Records for this exercise Start Marker
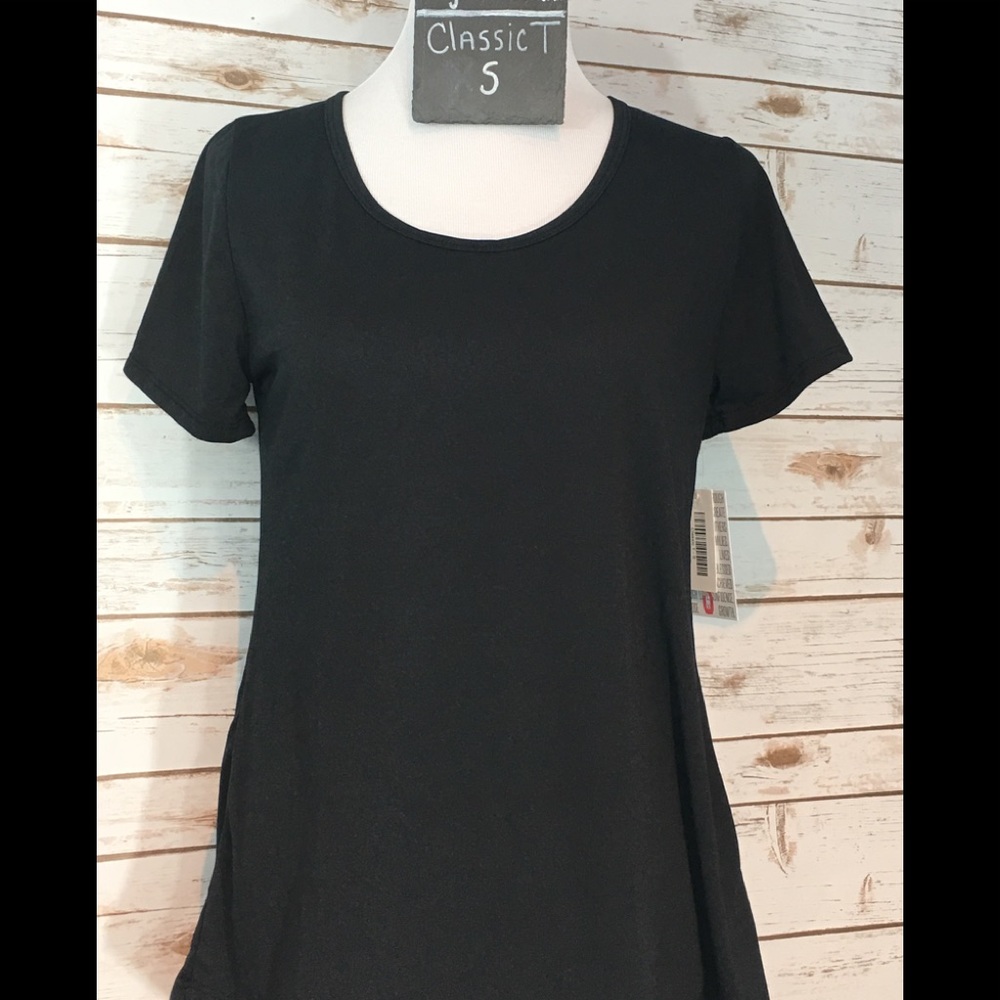 Classic Tee by LuLaRoe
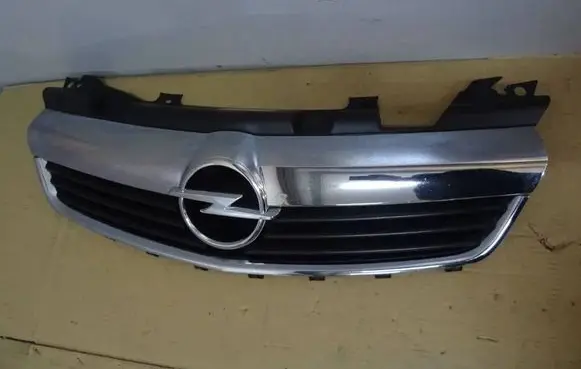 Opel Zafira B Front bumper upper radiator grill 13157590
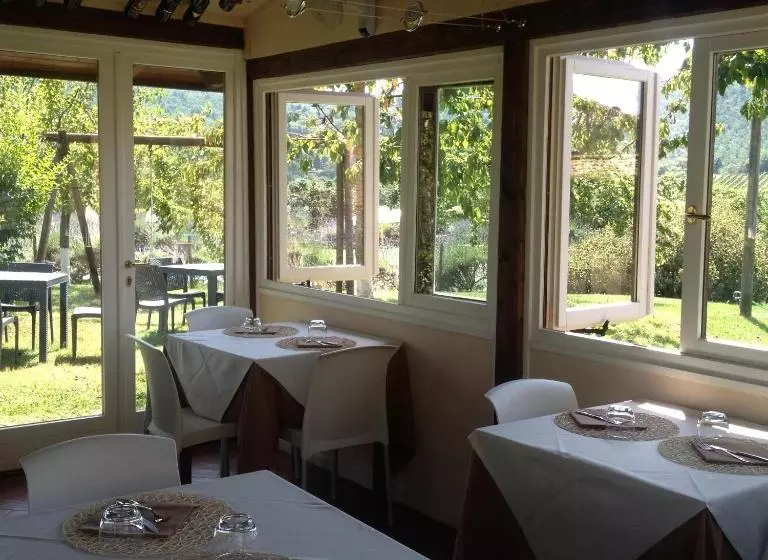 בית מלון כפרי Piombaia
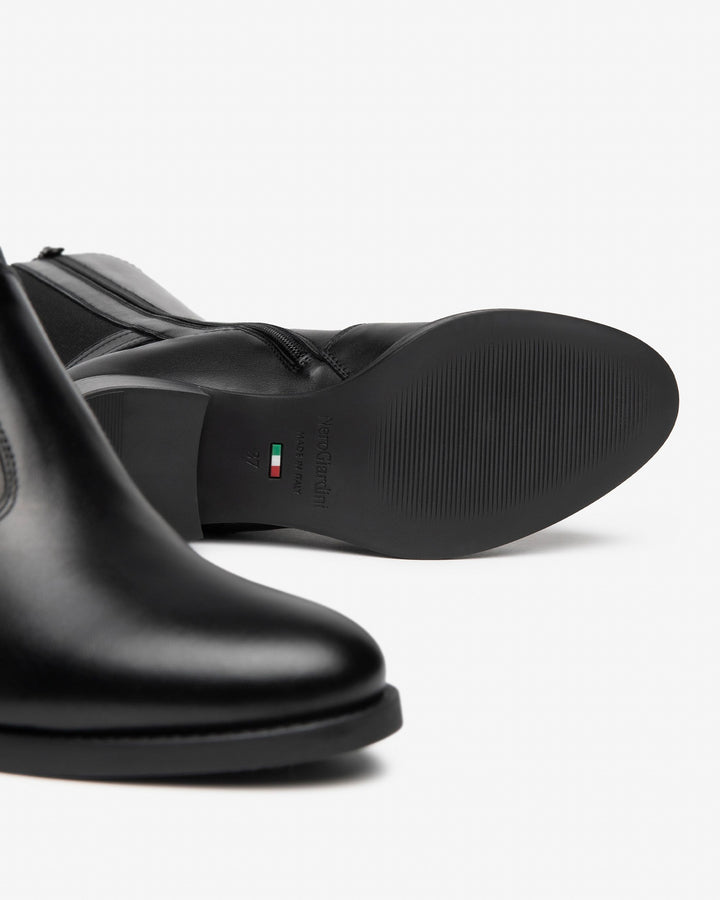 NeroGiardini Nahkasaappaat Black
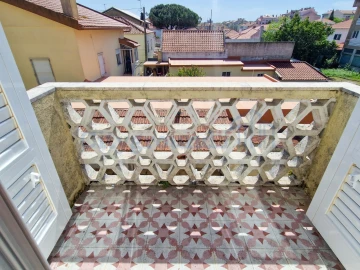 Moradia T6 para Venda em Algueirão-Mem Martins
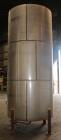 Used Tank, Approximately 2,000 gallon, 304 Stainless Steel, Vertical.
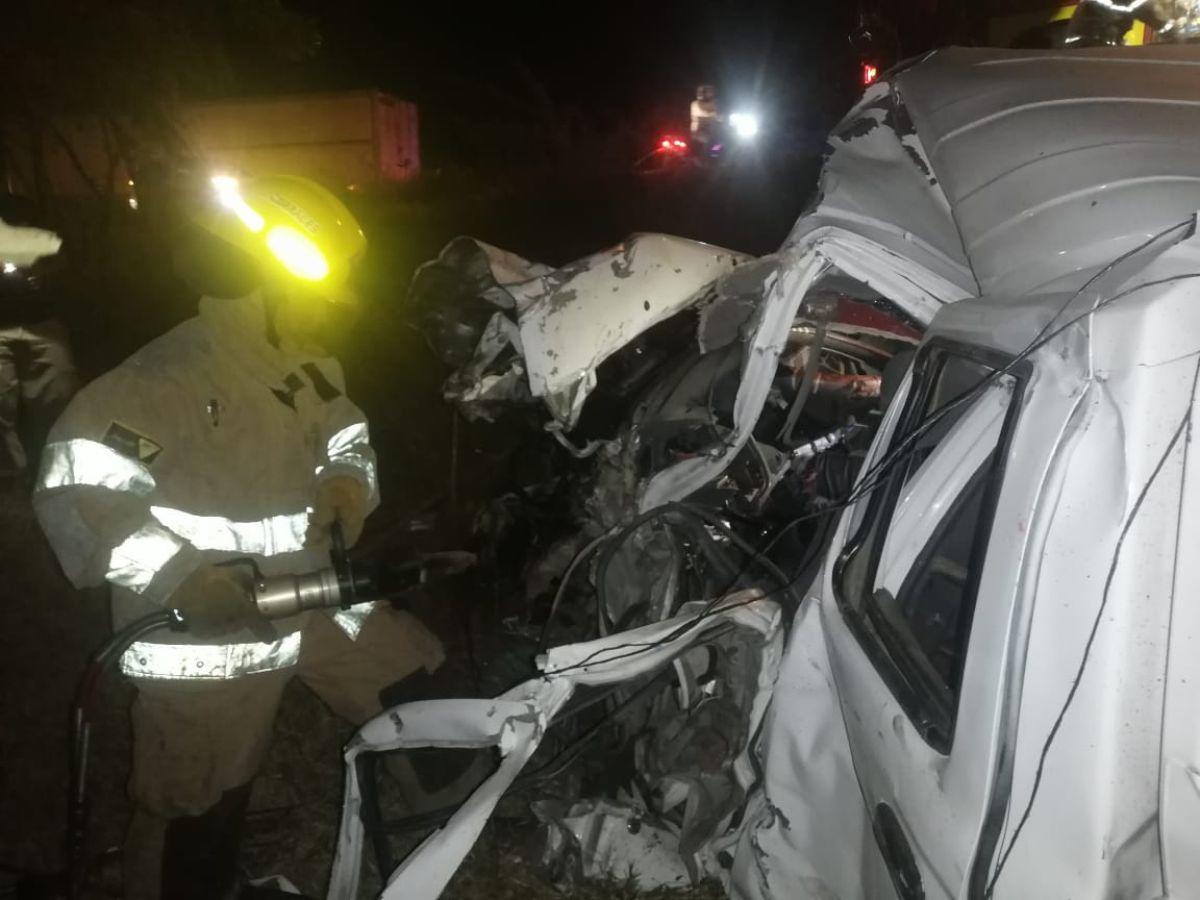 Rescatan a conductor atrapado tras colisión en Choluteca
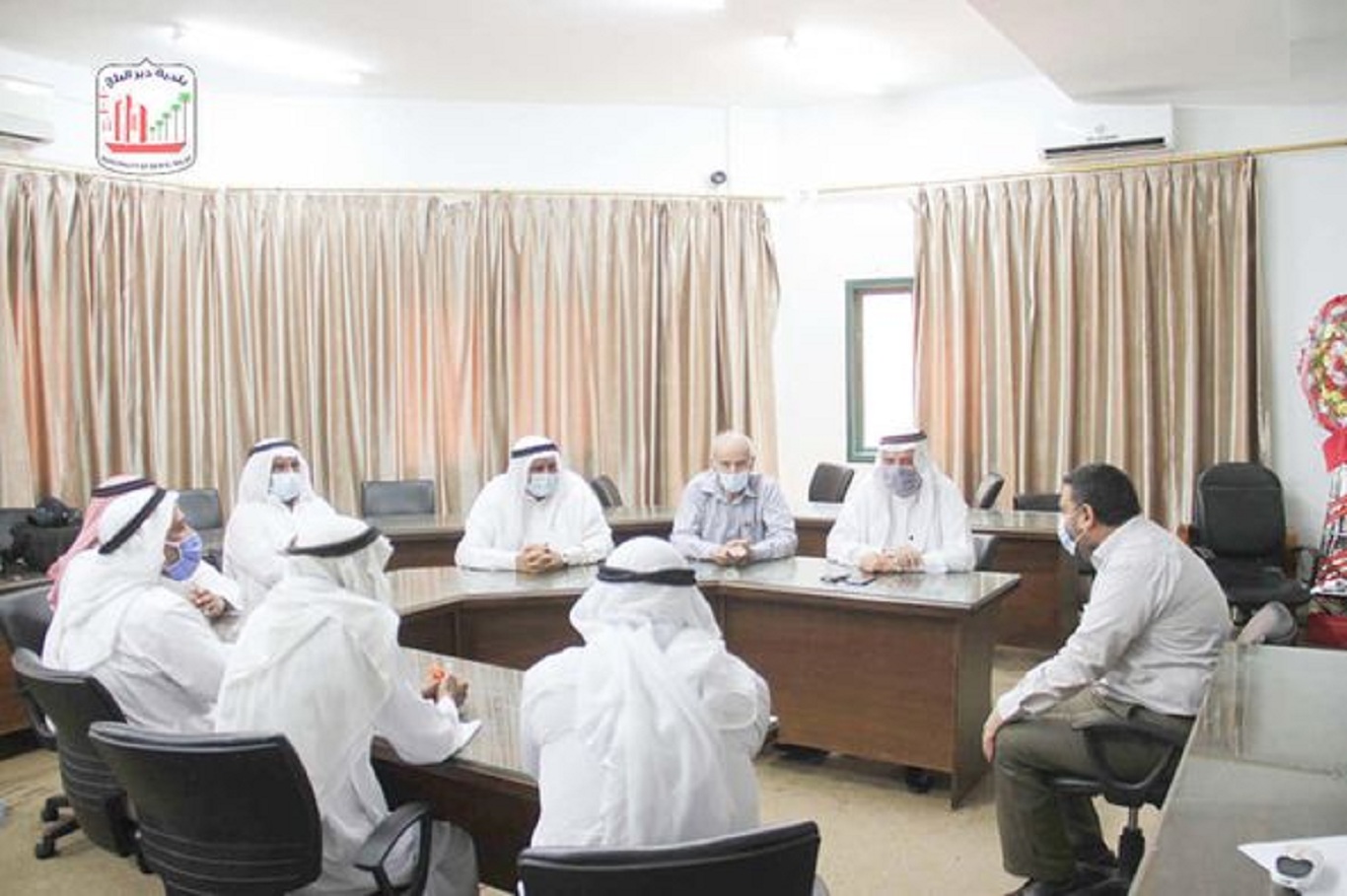 رئيس البلدية يستقبل وفد من وجهاء ومخاتير دير البلح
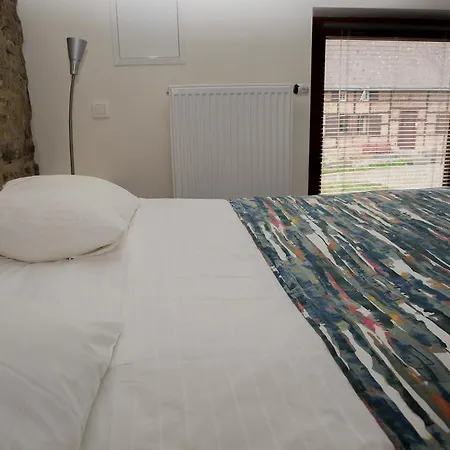 Ferme De Leuze Rustieke Nabij Durbuy, Eigen Laadpalen فندق مبيت وإفطار Somme-Leuze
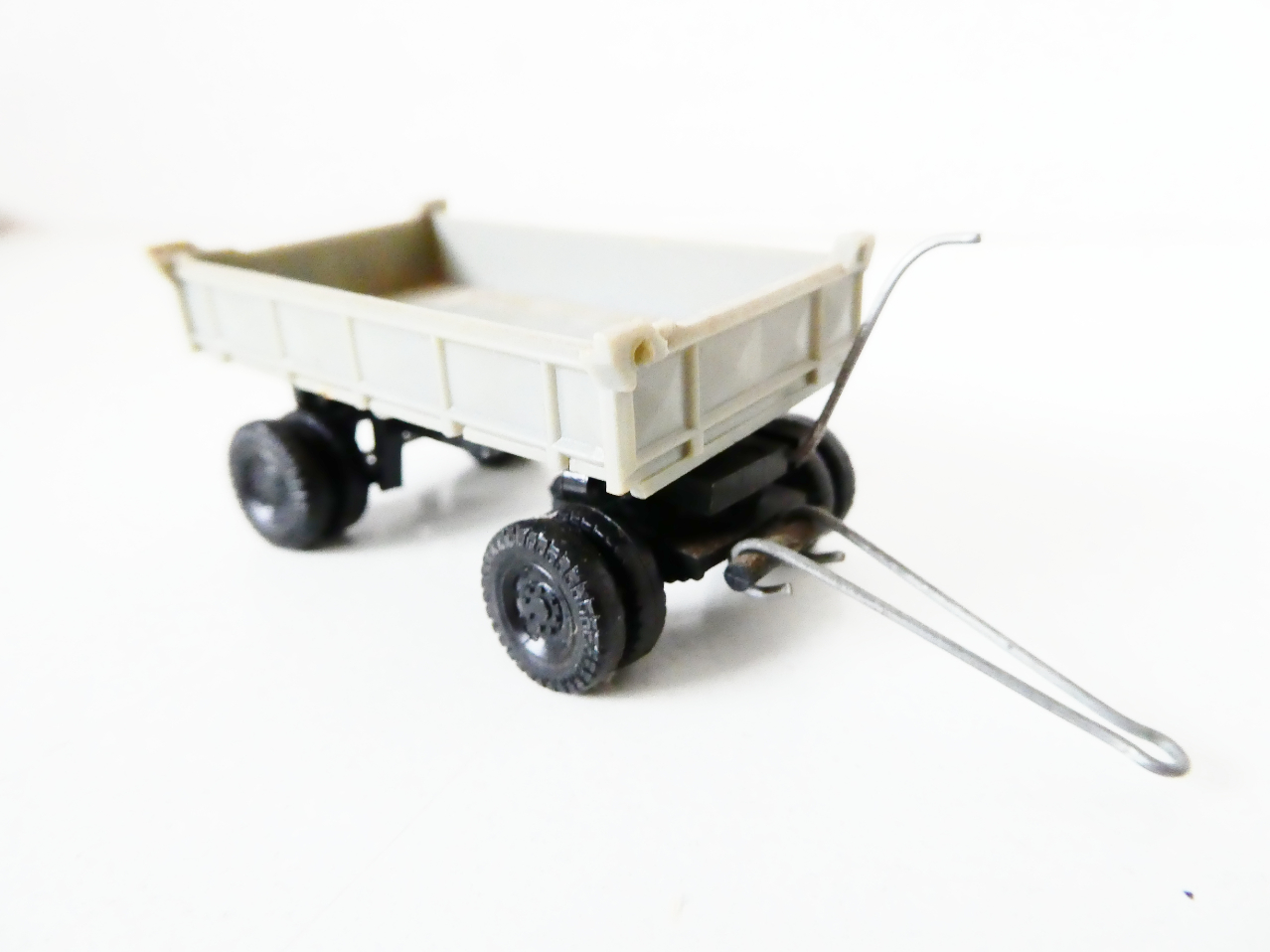 H0 VEB PLASTICART Přívěs za nákladní automobil s bočním výklopným mechanismem PĚKNÝ STAV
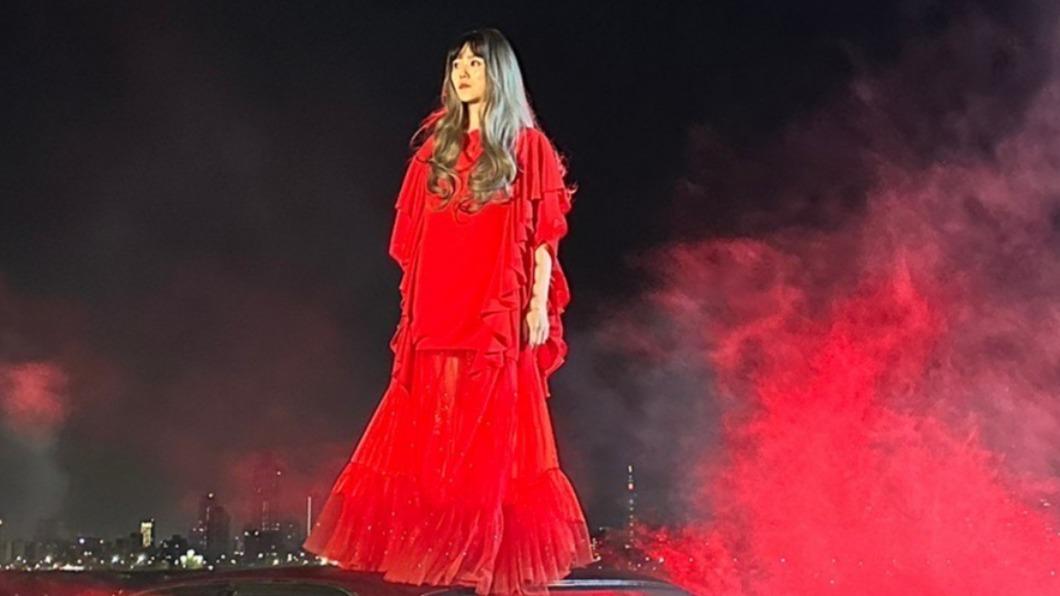 曹雅雯化身紅衣女孩。(圖/好聞國際事業有限公司提供)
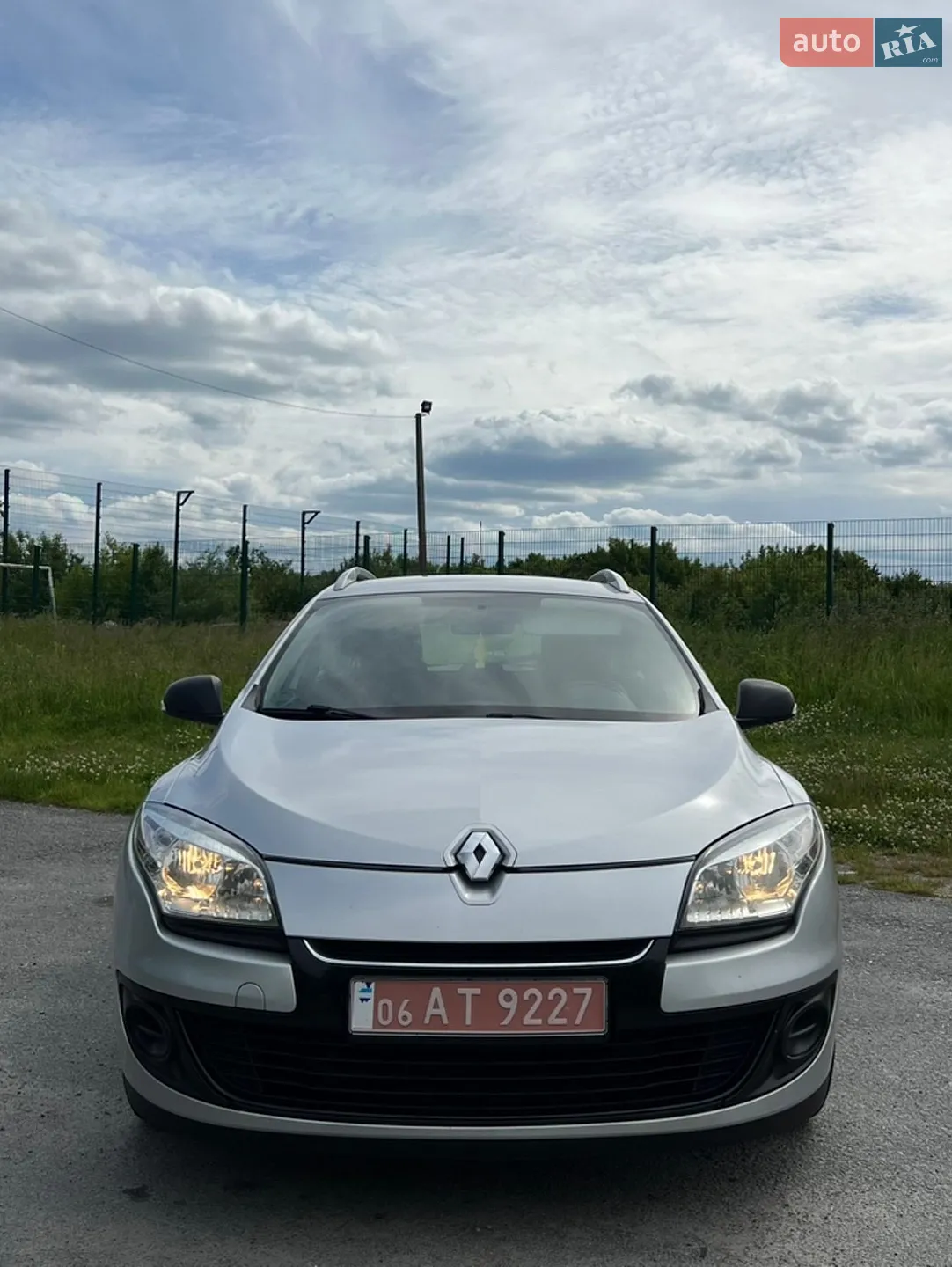 2012 Renault Megane - мініатюра 2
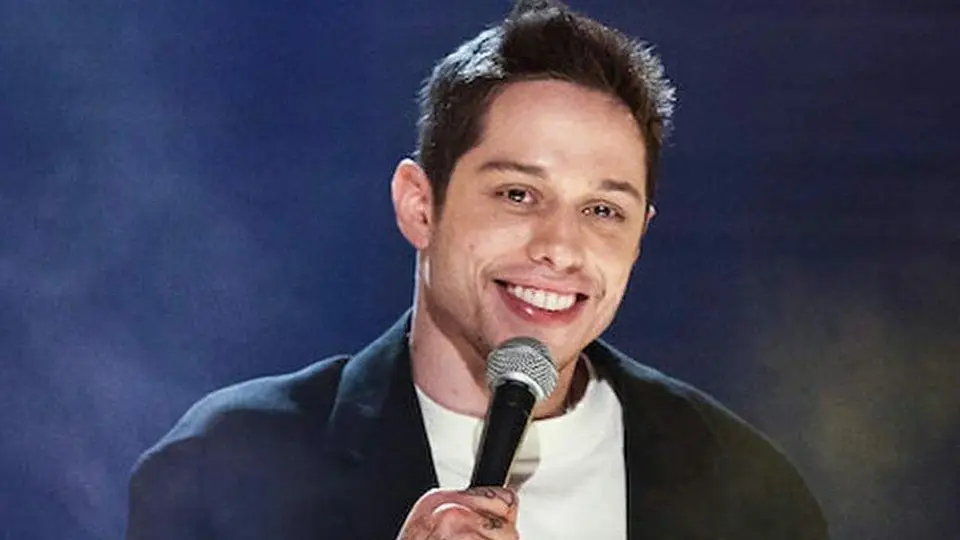 Pete Davidson was forced to clear up rumour after Ariana Grande outed size of his penis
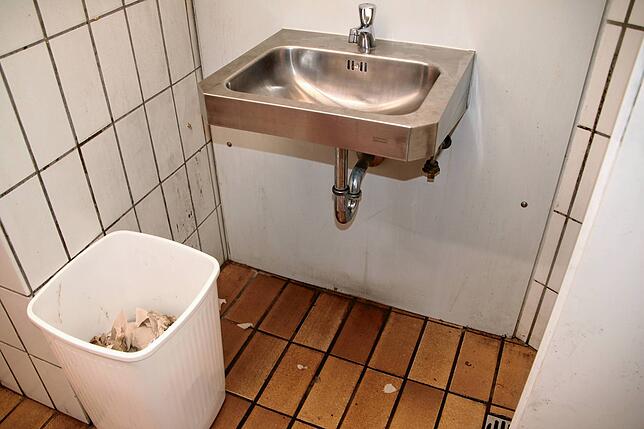 Der Bereich um das Waschbecken in der öffentlichen Toilette am Busbahnhof in Waldshut ist zum Testzeitpunkt unordentlich.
Records for this exercise End Marker
§ **Task item**
Reproduce exactly, with no pictures, the lines above from the one holding "H0 VEB PLASTICART" to the one holding "Pete Davidson was", inclusive.

§ **Task response**
 H0 VEB PLASTICART Přívěs za nákladní automobil s bočním výklopným mechanismem PĚKNÝ STAV
 曹雅雯化身紅衣女孩。(圖/好聞國際事業有限公司提供)
 2012 Renault Megane - мініатюра 2
 Pete Davidson was forced to clear up rumour after Ariana Grande outed size of his penis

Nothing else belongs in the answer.